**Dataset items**
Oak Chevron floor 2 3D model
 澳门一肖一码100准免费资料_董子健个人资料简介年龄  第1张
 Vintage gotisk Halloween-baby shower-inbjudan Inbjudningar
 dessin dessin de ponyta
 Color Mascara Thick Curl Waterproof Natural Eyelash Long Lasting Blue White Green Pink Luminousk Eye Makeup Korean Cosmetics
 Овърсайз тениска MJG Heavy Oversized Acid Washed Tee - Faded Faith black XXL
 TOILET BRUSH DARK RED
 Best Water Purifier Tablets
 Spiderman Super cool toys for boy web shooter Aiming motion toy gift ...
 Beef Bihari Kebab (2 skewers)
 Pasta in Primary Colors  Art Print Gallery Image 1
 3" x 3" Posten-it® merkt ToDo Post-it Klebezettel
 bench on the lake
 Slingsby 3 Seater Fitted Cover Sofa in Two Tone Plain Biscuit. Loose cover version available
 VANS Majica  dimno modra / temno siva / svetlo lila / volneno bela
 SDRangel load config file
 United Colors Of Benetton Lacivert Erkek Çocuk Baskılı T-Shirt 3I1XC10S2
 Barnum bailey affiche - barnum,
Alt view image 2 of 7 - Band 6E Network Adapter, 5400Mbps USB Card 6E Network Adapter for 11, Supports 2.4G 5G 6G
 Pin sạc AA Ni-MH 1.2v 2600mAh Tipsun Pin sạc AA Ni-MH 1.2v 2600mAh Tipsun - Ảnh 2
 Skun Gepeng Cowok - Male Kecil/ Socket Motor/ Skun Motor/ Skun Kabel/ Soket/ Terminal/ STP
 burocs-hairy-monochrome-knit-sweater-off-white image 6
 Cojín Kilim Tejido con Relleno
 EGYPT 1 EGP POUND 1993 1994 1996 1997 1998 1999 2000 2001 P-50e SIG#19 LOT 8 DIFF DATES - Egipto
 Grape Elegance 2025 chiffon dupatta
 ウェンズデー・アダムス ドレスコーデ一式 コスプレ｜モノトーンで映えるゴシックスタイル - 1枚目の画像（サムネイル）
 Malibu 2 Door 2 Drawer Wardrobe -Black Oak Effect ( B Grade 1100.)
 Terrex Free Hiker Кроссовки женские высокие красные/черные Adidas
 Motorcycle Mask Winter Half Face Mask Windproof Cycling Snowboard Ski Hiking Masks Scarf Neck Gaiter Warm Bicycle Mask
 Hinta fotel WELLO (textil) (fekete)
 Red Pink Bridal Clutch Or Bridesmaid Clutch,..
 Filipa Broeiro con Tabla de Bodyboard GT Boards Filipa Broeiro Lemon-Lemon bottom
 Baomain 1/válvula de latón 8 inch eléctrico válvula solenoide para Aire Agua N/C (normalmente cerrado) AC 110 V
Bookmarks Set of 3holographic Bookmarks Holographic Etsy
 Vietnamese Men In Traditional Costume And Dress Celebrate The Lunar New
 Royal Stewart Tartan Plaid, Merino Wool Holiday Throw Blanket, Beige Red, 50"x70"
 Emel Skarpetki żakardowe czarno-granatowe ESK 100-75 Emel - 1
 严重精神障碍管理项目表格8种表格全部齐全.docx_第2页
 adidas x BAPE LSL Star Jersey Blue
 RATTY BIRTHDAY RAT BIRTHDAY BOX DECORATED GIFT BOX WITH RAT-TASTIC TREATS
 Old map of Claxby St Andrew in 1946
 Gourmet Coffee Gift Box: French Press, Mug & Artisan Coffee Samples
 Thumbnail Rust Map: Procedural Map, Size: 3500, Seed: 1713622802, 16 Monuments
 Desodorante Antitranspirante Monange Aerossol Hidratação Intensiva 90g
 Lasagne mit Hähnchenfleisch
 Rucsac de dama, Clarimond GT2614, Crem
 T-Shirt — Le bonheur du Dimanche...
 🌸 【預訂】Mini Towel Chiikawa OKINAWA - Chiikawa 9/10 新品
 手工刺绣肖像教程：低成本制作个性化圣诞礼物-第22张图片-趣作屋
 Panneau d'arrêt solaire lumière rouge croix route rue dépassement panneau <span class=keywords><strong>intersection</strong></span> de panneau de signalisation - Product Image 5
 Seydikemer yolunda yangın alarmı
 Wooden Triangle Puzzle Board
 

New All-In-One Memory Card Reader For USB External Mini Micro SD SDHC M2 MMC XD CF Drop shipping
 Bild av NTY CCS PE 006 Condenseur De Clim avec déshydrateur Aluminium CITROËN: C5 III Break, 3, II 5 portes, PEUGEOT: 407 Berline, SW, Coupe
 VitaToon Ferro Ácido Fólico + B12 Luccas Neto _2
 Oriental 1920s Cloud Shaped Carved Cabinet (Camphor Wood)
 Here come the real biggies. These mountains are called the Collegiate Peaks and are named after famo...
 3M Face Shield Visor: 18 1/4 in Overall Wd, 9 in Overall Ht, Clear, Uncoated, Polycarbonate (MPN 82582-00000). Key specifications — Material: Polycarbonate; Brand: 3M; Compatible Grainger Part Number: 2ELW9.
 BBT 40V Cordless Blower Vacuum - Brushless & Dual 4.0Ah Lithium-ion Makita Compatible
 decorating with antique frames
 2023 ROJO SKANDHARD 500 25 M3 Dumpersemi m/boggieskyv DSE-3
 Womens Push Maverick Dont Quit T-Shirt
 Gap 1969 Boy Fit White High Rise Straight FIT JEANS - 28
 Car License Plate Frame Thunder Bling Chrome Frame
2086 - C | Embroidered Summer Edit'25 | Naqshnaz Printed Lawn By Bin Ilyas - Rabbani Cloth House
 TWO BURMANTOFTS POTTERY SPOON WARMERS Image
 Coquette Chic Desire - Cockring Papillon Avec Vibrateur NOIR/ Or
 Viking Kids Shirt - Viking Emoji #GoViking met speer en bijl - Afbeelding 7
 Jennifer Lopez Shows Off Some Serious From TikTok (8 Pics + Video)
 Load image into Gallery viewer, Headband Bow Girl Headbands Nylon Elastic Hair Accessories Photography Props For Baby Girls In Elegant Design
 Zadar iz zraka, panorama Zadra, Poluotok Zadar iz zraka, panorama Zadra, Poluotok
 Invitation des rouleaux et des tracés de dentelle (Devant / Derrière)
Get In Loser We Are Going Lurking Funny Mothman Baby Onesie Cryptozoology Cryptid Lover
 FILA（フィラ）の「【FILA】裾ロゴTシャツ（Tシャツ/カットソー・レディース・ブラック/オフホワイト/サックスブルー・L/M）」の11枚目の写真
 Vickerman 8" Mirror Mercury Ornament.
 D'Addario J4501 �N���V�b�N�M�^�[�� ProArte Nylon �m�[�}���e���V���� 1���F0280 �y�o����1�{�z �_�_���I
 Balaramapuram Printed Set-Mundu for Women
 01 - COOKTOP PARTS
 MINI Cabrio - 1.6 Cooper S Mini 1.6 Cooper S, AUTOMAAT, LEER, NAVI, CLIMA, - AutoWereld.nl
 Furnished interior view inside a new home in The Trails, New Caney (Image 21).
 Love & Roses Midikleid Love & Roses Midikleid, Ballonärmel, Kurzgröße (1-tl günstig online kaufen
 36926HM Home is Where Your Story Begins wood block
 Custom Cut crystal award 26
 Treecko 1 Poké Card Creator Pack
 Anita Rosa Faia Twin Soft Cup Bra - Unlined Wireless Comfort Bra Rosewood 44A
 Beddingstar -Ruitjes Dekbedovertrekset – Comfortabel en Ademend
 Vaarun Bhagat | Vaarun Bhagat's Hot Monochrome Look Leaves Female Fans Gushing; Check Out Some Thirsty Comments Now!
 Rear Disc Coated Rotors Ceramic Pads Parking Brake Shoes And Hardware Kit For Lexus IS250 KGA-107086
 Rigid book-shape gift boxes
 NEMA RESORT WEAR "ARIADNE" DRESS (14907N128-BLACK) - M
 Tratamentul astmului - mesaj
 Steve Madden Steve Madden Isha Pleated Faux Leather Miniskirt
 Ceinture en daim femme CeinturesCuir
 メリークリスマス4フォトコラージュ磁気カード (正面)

**Work to complete**
Could you return exactly the stretch of the data above that starts at the line with "New All-In-One Memory" and ends at the line with "Invitation des rouleaux", both lines included?

**Written solution**
New All-In-One Memory Card Reader For USB External Mini Micro SD SDHC M2 MMC XD CF Drop shipping
 Bild av NTY CCS PE 006 Condenseur De Clim avec déshydrateur Aluminium CITROËN: C5 III Break, 3, II 5 portes, PEUGEOT: 407 Berline, SW, Coupe
 VitaToon Ferro Ácido Fólico + B12 Luccas Neto _2
 Oriental 1920s Cloud Shaped Carved Cabinet (Camphor Wood)
 Here come the real biggies. These mountains are called the Collegiate Peaks and are named after famo...
 3M Face Shield Visor: 18 1/4 in Overall Wd, 9 in Overall Ht, Clear, Uncoated, Polycarbonate (MPN 82582-00000). Key specifications — Material: Polycarbonate; Brand: 3M; Compatible Grainger Part Number: 2ELW9.
 BBT 40V Cordless Blower Vacuum - Brushless & Dual 4.0Ah Lithium-ion Makita Compatible
 decorating with antique frames
 2023 ROJO SKANDHARD 500 25 M3 Dumpersemi m/boggieskyv DSE-3
 Womens Push Maverick Dont Quit T-Shirt
 Gap 1969 Boy Fit White High Rise Straight FIT JEANS - 28
 Car License Plate Frame Thunder Bling Chrome Frame
2086 - C | Embroidered Summer Edit'25 | Naqshnaz Printed Lawn By Bin Ilyas - Rabbani Cloth House
 TWO BURMANTOFTS POTTERY SPOON WARMERS Image
 Coquette Chic Desire - Cockring Papillon Avec Vibrateur NOIR/ Or
 Viking Kids Shirt - Viking Emoji #GoViking met speer en bijl - Afbeelding 7
 Jennifer Lopez Shows Off Some Serious From TikTok (8 Pics + Video)
 Load image into Gallery viewer, Headband Bow Girl Headbands Nylon Elastic Hair Accessories Photography Props For Baby Girls In Elegant Design
 Zadar iz zraka, panorama Zadra, Poluotok Zadar iz zraka, panorama Zadra, Poluotok
 Invitation des rouleaux et des tracés de dentelle (Devant / Derrière)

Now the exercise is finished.